Лыжня вывела на небольшую полянку. На краю её стояла огромная старая ель, тяжёлые раскидистые еловые лапы шатром опускались до самой земли. Возле ели, спиной ко мне, опираясь на палки, стоял Корнеев, медленно водил головой из стороны в сторону, приглядывался, принюхивался, напоминая породистую охотничью собаку.

– Здесь спать будем. Печеру нароем, – сказал он, не оборачиваясь.

– Где – здесь? – не понял я.

– Прямо здесь. Говорю тебе – печеру нароем.

Зимней ночью в тайге, по которой ходят медведи, в минус двадцать – он хочет спать в снежной пещере.

– Ты так уже делал? – спросил я со слабой надеждой, что он пошутил или я не понял.

– Снимай лыжи, копать будем, – приказал Корнеев.

То лыжами, то мисками мы копали час с лишним, пока не выкопали под елью яму метра два в ширину и метра полтора в глубину. Из выкопанного снега Корнеев соорудил вокруг ямы бортик, пропустил внутрь меня, залез сам и залепил снегом проход в бортике. Костёр развести он не разрешил, достал из рюкзака два здоровых куска зайчатины – остатки нашего вчерашнего ужина, – сел на рюкзак, протянул мне один. Пожевав холодного мяса, мы сделали по паре глотков из фляги с чаем и по паре – из другой фляги. Я хотел нарубить лапника, постелить на дно ямы, Корнеев опять не разрешил, расстелил спальник прямо на снегу.
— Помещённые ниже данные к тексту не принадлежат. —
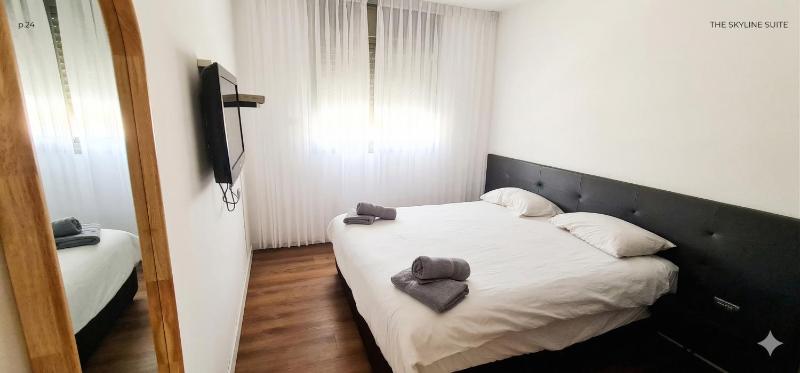 3 bdr Penthouse with sea view pool - By Amdar Holiday Apartments - image 10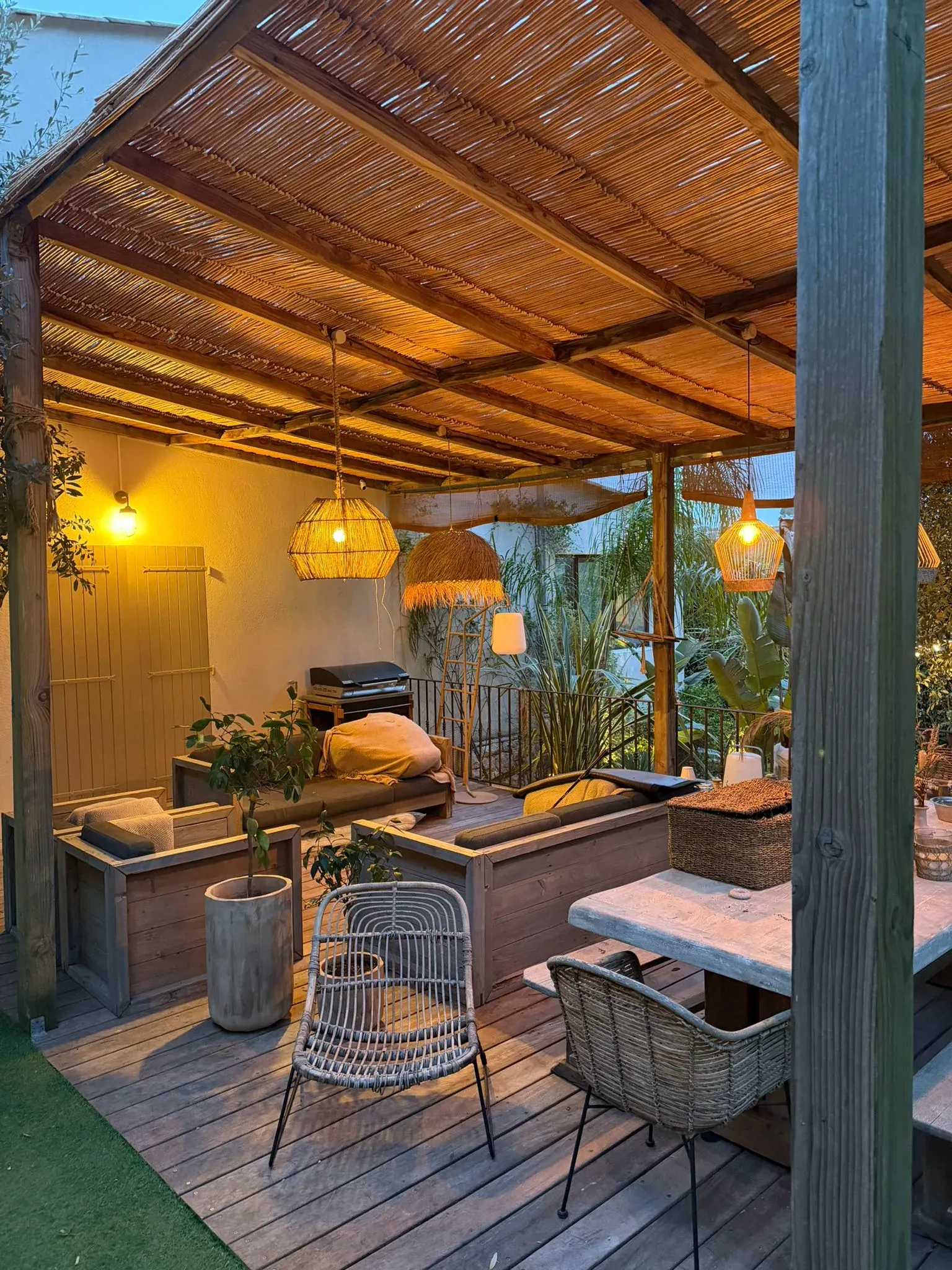 Canisse en bambou sur pergola de cuisine extérieure, ambiance conviviale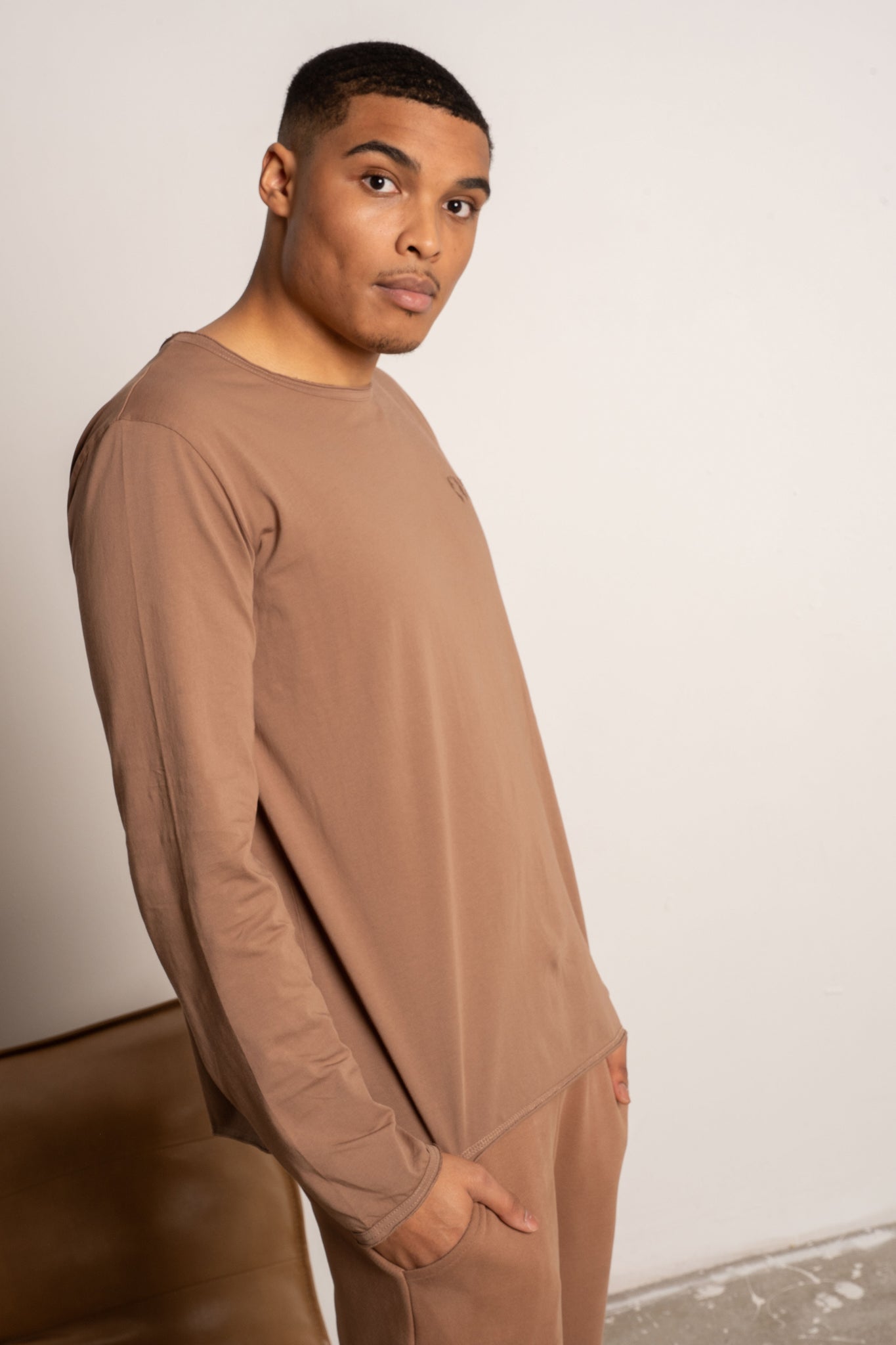 T-SHIRT OVERSIZE Z DELIKATNYM EFEKTEM SPRANIA BRĄZOWY - TOBALAI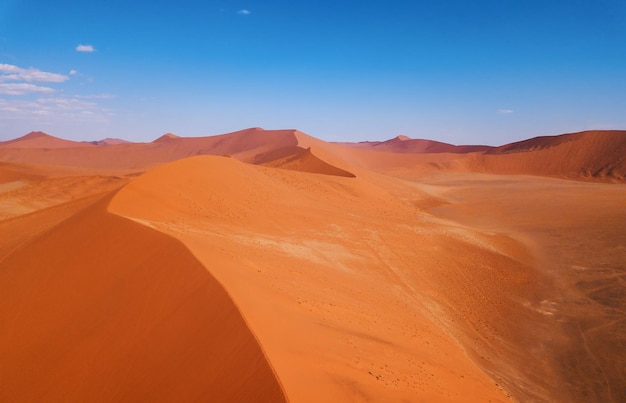 Dunas de areia no deserto contra o céu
Я спросил почему, он не ответил. Я разозлился. Вот уже шесть дней мы шли вместе, ели вместе, спали вместе, и всё равно до конца он мне не доверял. Наверное, он был прав, но обида не делалась от этого меньше. Я достал свой спальник, постелил рядом – отодвигаться было некуда – и тоже лёг.
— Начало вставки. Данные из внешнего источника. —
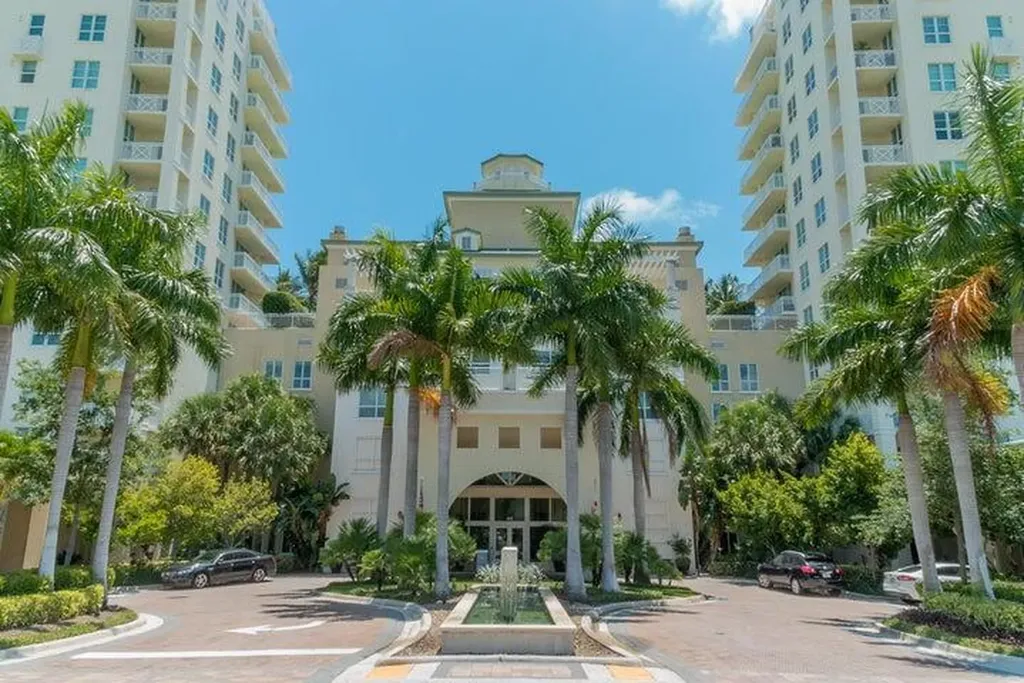 450 N Federal Highway Boynton Beach FL 33435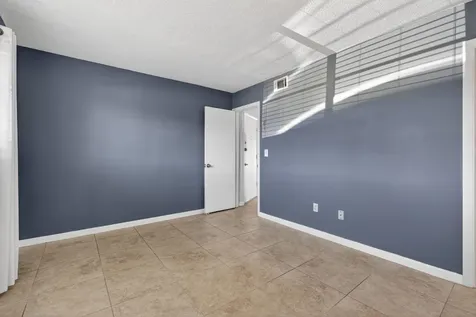 121 Wettaw Lane North Palm Beach FL 33408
– Хорош злиться, – сказал Корнеев прямо над моим ухом. – Тайга злых не любит.

– А я не люблю, когда меня на поводке водят, – огрызнулся я.

– Потеряешься без поводка-то, – усмехнулся Корнеев.

Я промолчал, он посопел и добавил:

– Близко мы очень. Вот и сторожимся. Нельзя по-другому.

– Как близко? – мгновенно забыв про все обиды, спросил я.

– Почитай дошли. Ждать теперь надо, пока оттудова человек придёт.

– А когда он придёт?

– Может, завтра, может, послезавтра. Три дня не придёт – не хотят тебя, значит.

– И что тогда?

– Обратно покатим.

– Но как они узнают, что мы здесь?

– Узнают.

– И как они поймут, хотят они меня или нет? Для этого надо со мной поговорить.

– Почём я знаю, – зевнул Корнеев. – Может, поговорят. А то издаля посмотрят, глянешься ты им или не глянешься.

– Но я должен им всё объяснить. Я не могу вернуться просто так. У меня есть открытка, я могу показать открытку. И фотографию.

– Терпежу у тебя нисколько нет, чемпион, – сказал Корнеев. – Всё тебе сразу вынь да положь, а без терпежу ничего не бывает. Спи давай, чего гадать.

Через пять минут он уже храпел. Я никак не мог уснуть, сначала просто представлял себе завтрашнюю встречу, потом принялся сочинять убедительную речь. Заснул я только под утро, вытвердив наизусть шесть отшлифованных до идеальной гладкости предложений.

Когда я проснулся, Корнеева в пещере не было. Я натянул валенки и выполз наверх, в ёлочный шатёр. Корнеев сидел на поваленном дереве в десяти шагах от меня, напротив него стоял незнакомый человек. Корнеев что-то рассказывал ему, мужчина внимательно слушал, кивая головой. Меня мужчина заметил сразу, разглядел меж густых еловых веток, сделал приветственный жест рукой. Корнеев остановился на полуслове, повернулся, оба смотрели на меня выжидающе.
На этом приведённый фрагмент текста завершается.